**Provided data**
============
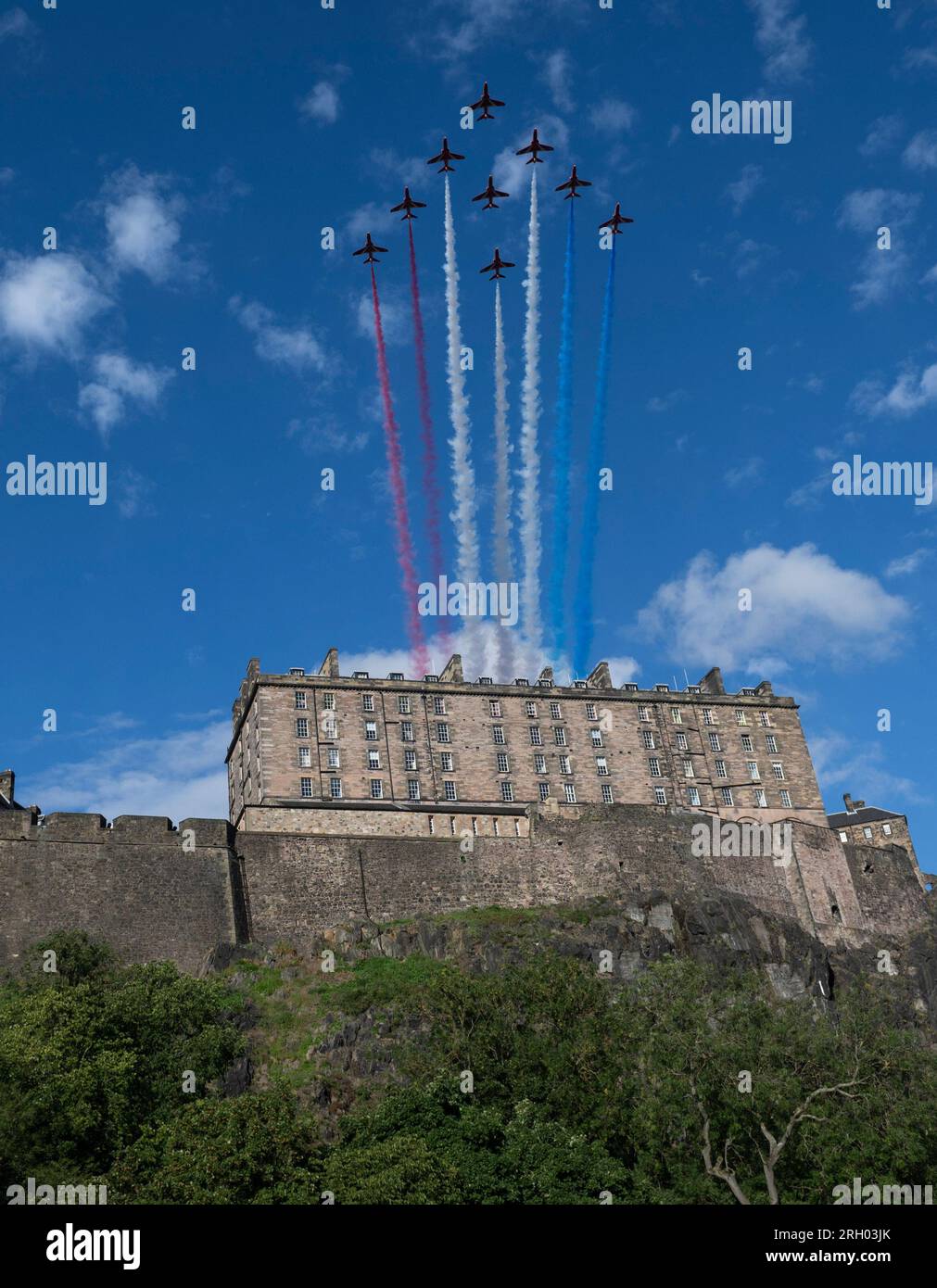 Edimbourg, Royaume-Uni. 12 août 2023. Tatouage d'Édimbourg - les Red Arrows 12/08/23 dans le cadre du tatouage d'Édimbourg, l'équipe aérienne de renommée mondiale de la Royal Air Force Aerobatic, les Red Arrows, survolent le château d'Édimbourg, Édimbourg, Écosse, Royaume-Uni crédit : Ian Jacobs/Alamy Live News Banque D'Images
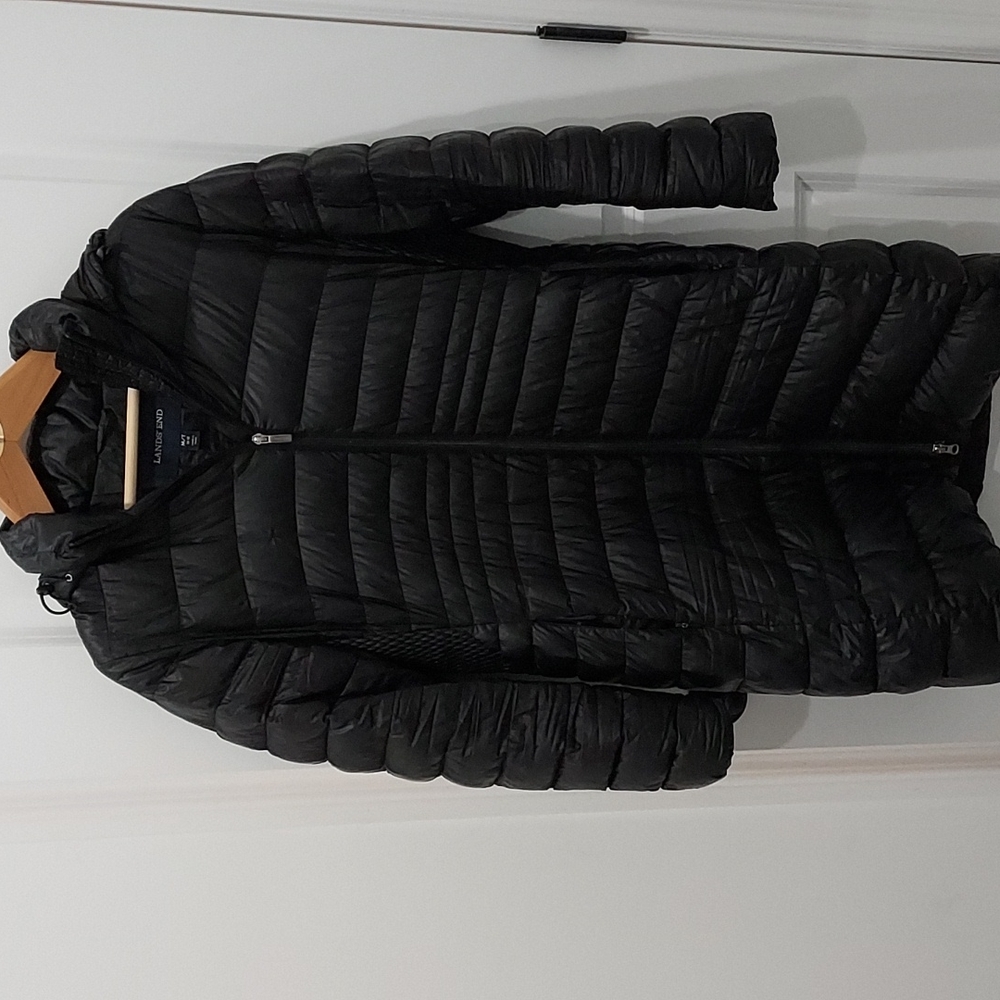 Lands End black lightweight down coat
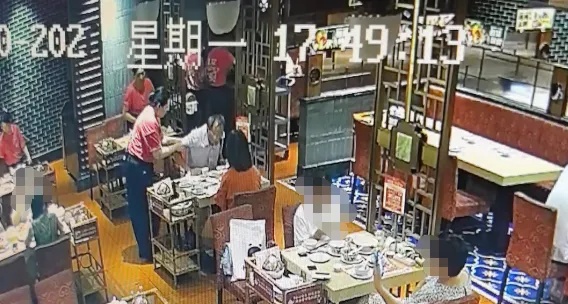再晚半小时人就没了！男子就餐时肚子突然异常鼓起，女店长苦劝送医抢回一条命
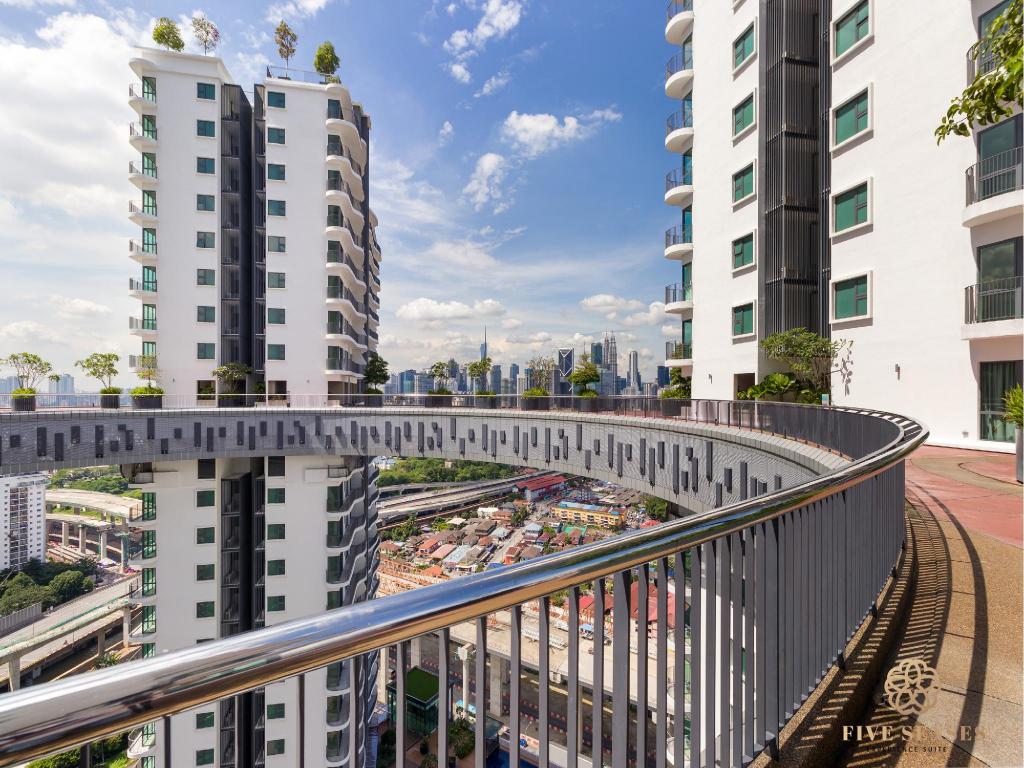 One bedroom apartment in Linq Sky - image 3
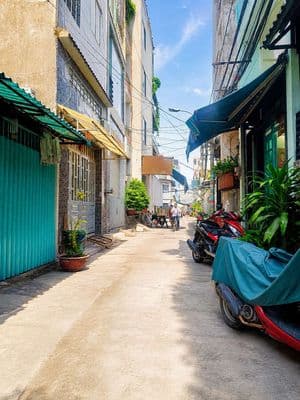 Chỉ 3,65 tỷ nhà 2 tầng -32m2-2pn cạnh lê cơ - giáp q6 hẻm ô tô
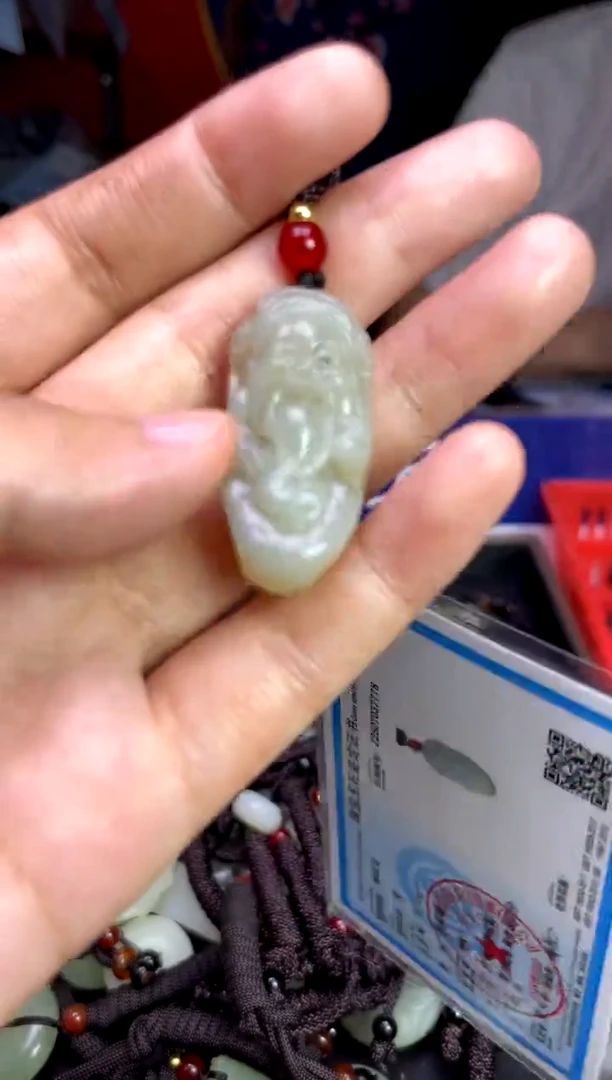 未镶嵌和田玉挂件1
============
**Description of the task**
Leaving out the pictures, return the records exactly as given.

**Written reply**
 Edimbourg, Royaume-Uni. 12 août 2023. Tatouage d'Édimbourg - les Red Arrows 12/08/23 dans le cadre du tatouage d'Édimbourg, l'équipe aérienne de renommée mondiale de la Royal Air Force Aerobatic, les Red Arrows, survolent le château d'Édimbourg, Édimbourg, Écosse, Royaume-Uni crédit : Ian Jacobs/Alamy Live News Banque D'Images
 Lands End black lightweight down coat
再晚半小时人就没了！男子就餐时肚子突然异常鼓起，女店长苦劝送医抢回一条命
 One bedroom apartment in Linq Sky - image 3
 Chỉ 3,65 tỷ nhà 2 tầng -32m2-2pn cạnh lê cơ - giáp q6 hẻm ô tô
 未镶嵌和田玉挂件1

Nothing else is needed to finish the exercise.